RECORD EXCERPTS.
━━━━━━━━━━

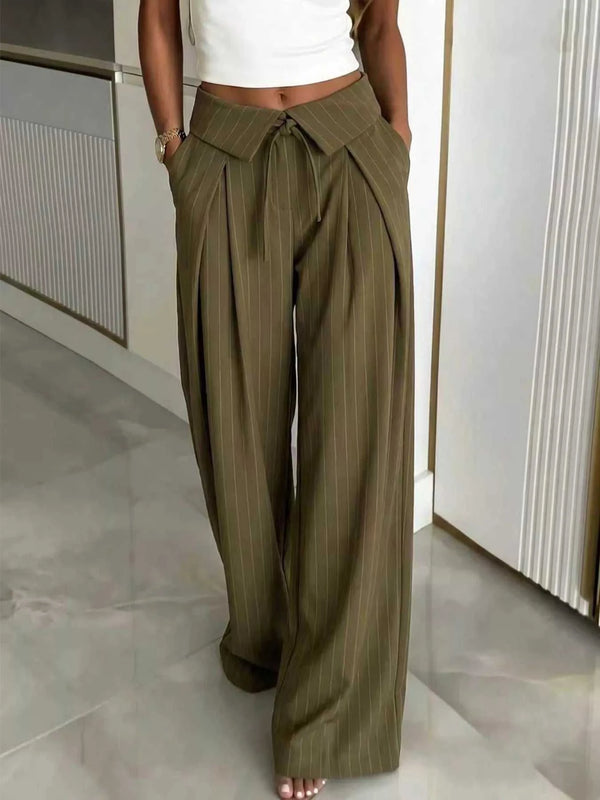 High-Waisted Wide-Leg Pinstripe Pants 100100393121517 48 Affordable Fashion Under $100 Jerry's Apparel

━━━━━━━━━━

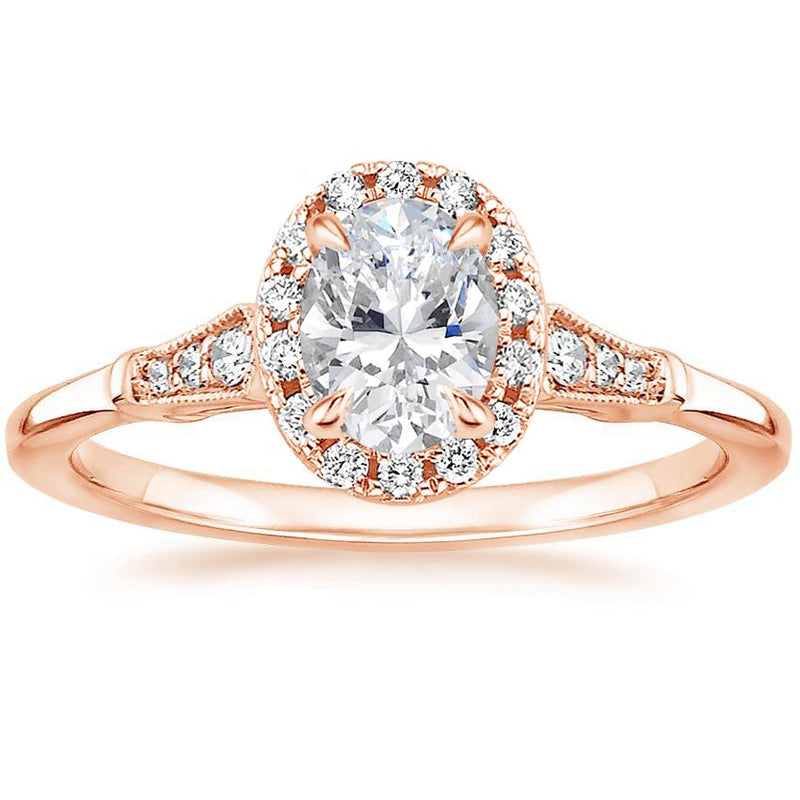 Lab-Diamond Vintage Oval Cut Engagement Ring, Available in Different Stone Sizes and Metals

━━━━━━━━━━

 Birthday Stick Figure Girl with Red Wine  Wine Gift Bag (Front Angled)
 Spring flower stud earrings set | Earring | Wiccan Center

━━━━━━━━━━

TASK DESCRIPTION. The output should be exactly the lines above from the line containing "Birthday Stick Figure" to the line containing "Spring flower stud", inclusive, with no other lines.

TASK OUTPUT.
 Birthday Stick Figure Girl with Red Wine  Wine Gift Bag (Front Angled)
 Spring flower stud earrings set | Earring | Wiccan Center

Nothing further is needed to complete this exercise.